# [SOLVED]Desktop perfomance is less responsible-kernel 2.6.24

## radfoj

Hello,

after I upgraded to new kernel series - 2.6.24 (both gentoo-sources and zen-sources), I realized, that my desktop responses are worst then it was with previous versions of kernel. Especially, when system was under load, like emerging in the background (with niceness-19). Web browsing, switching between opened programs or windows  take much more time then before, watching movies wasnt so fluent like before. Today I tried boot into 2.6.23 again, and I am compiling in the background and I dont realize any slowdown.

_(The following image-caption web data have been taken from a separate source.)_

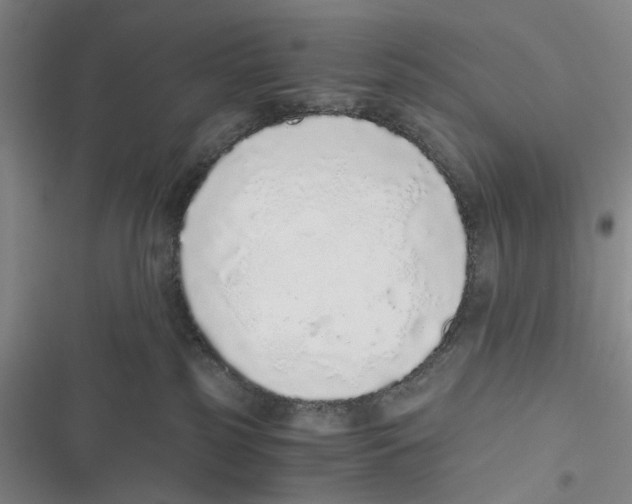 X0000116860185201001191709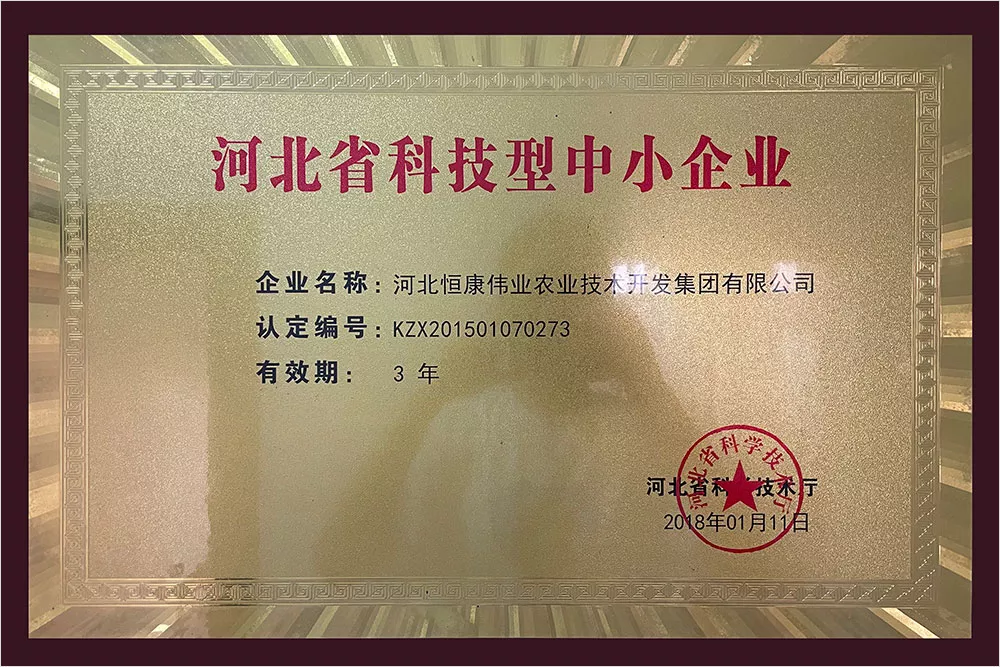 河北省科技型中小企业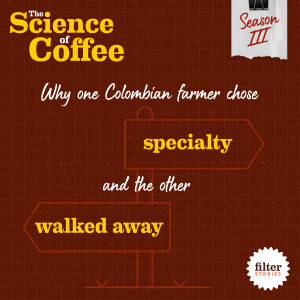 Why one Colombian farmer chose specialty, and the other walked away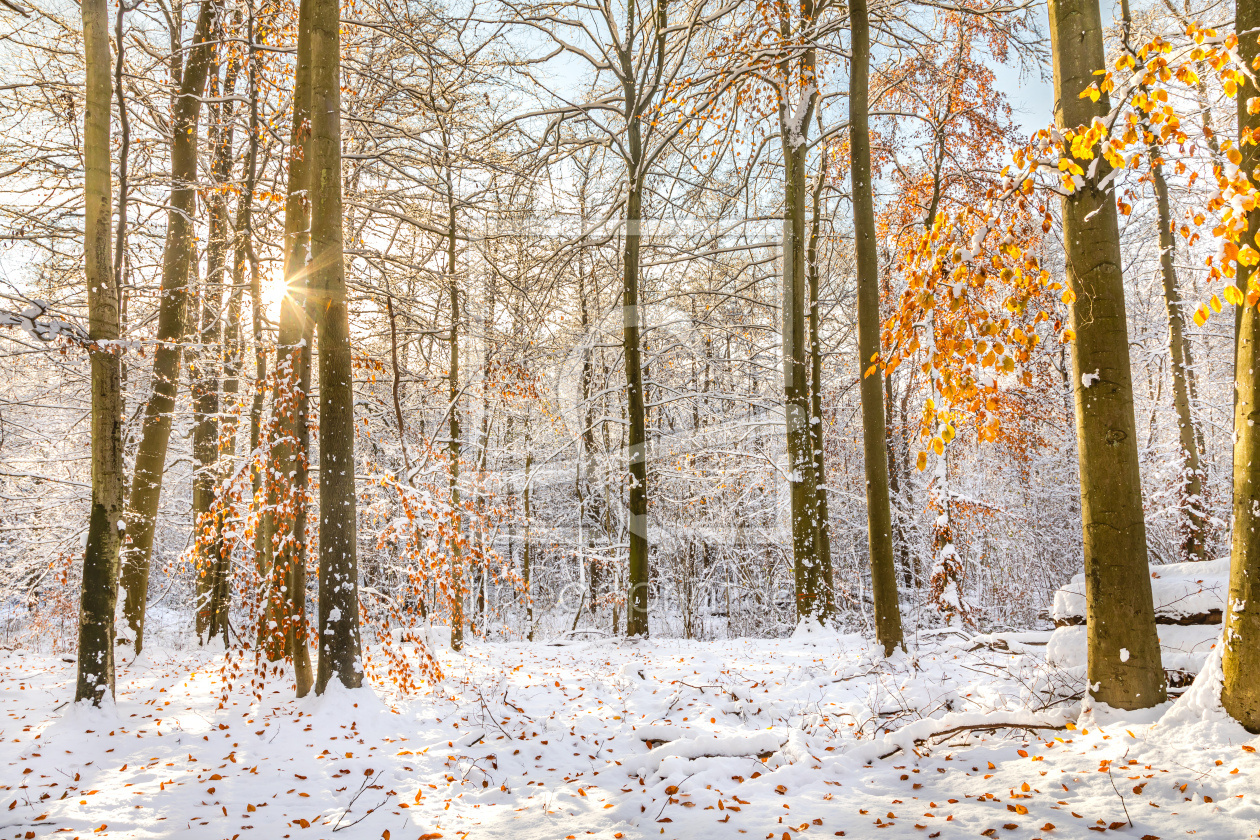 Bild-Nr.: 12781208 Goldregen im winterlichen Wald erstellt von Ursula Reins
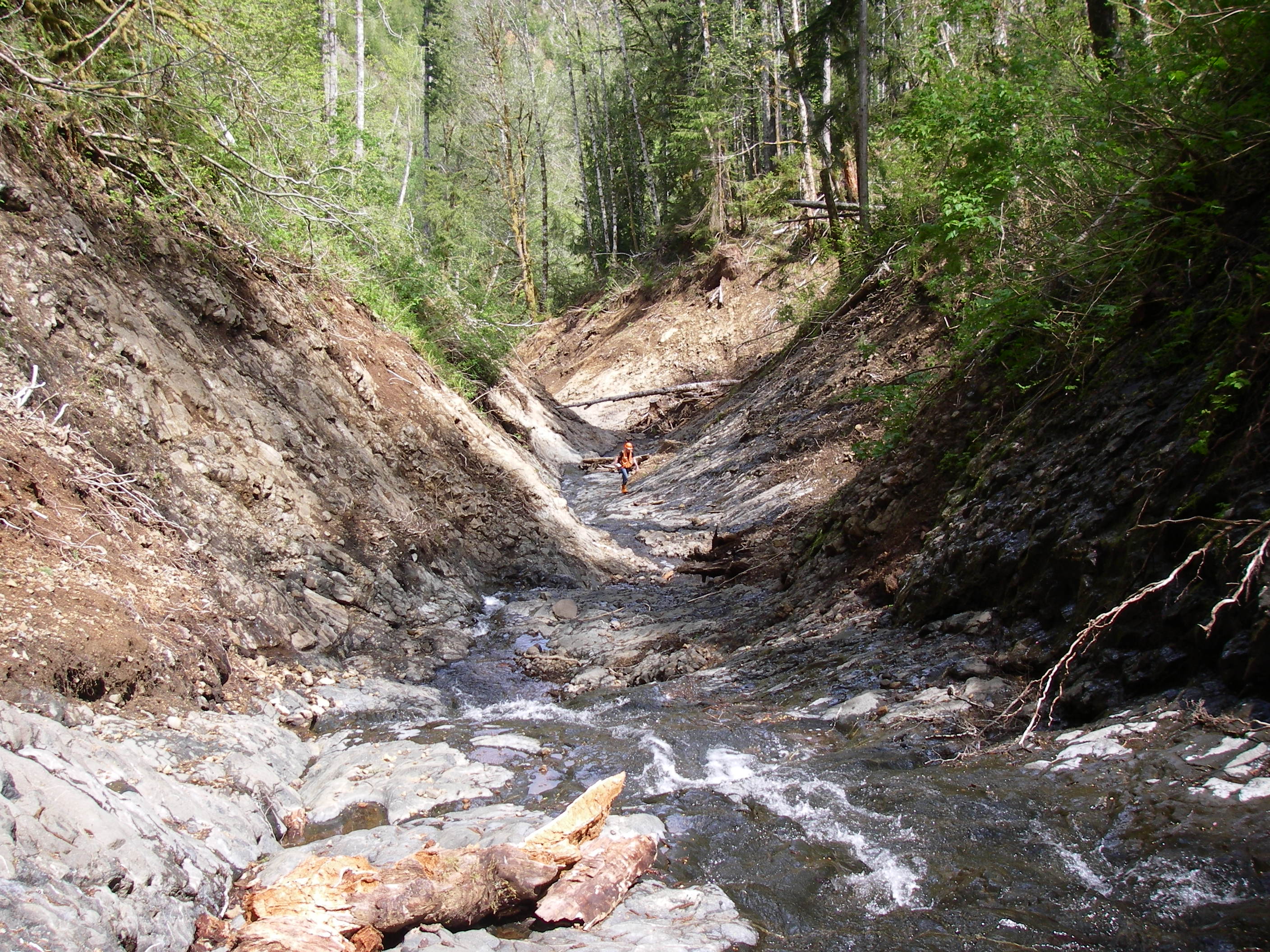 Image showing a creek flowing in a creekbed with a person wearing orange safety gear in the distance. Trees line either side of the creekbed.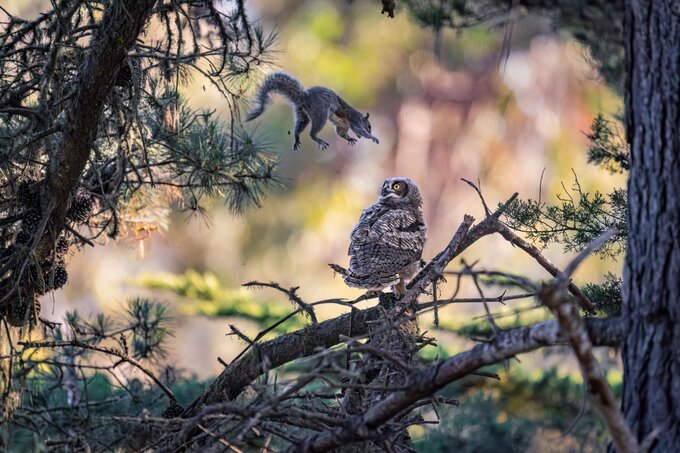 Nikon Comedy Wildlife Awards การแข่งขันถ่ายภาพสัตว์ป่าที่ทำให้โลกยิ้ม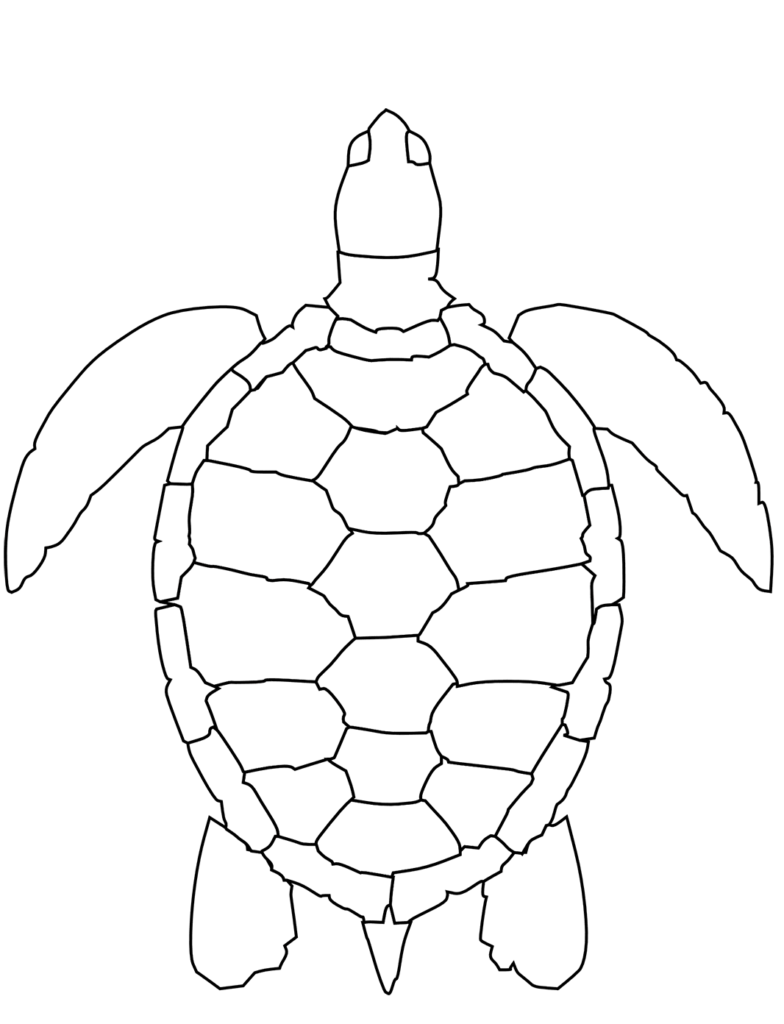 35 Free Turtle Coloring Pages Printable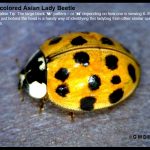 Closeup of a Multicolored Asian Lady Beetle with the following ID tip written on the photo: The large, black 'W' or 'M' pattern (depending on orientation) that can be seen just behind the head is a handy way of identifying the Multicolored Asian Lady Beetle from other species of ladybugs.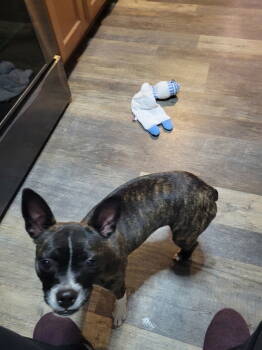 Rescue Boston Terrier and Terrier Dogs for Adoption in Wilmington, Delaware - Cinny (currently Being Fostered In Florida) | PetCurious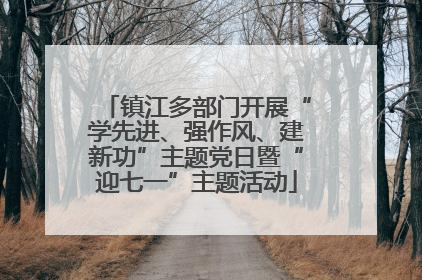 镇江多部门开展“学先进、强作风、建新功”主题党日暨“迎七一”主题活动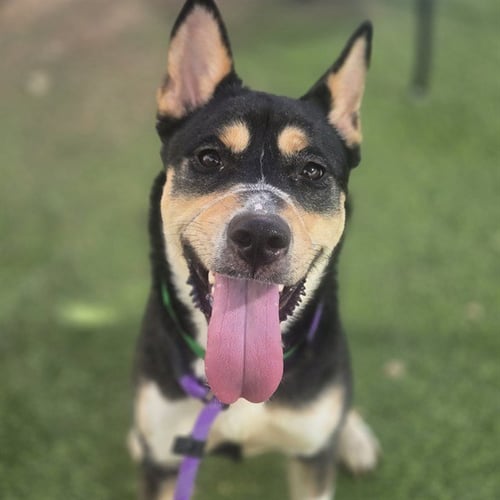 SKEETER - Australian Kelpie available for adoption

So my first question - is there some big change in background of the kernel. like new cpu scheduler, another aproach to I/O disk operation or so?  What should I check or should do to get performance back with the 2.6.24 kernel?  ThanksLast edited by radfoj on Thu Feb 07, 2008 6:35 pm; edited 1 time in total

----------

## nutbar21

Just curious, did you rebuild your graphics drivers (if needed) after you installed the new kernel?  It seems like your slowdowns are mostly graphical, so that could have something to do with it.

----------

## radfoj

Thanks for reply, nutbar21.

Without rebuilding nvidia-drivers against new kernel, booting with new kernel will lead only to console, not X. These basic principles I know.

----------

## paulbiz

I noticed the same thing, there is definitely less responsiveness in 2.6.24 when CPU activity is heavy, even with niceness of 19  :Smile: 

At first I thought it was NO_HZ (here for the first time in amd64), so I disabled it and rebooted... but it's the same. Back on 2.6.23 and everything is smooth again  :Razz: 

----------

## dh3rm3

Same thing here with ...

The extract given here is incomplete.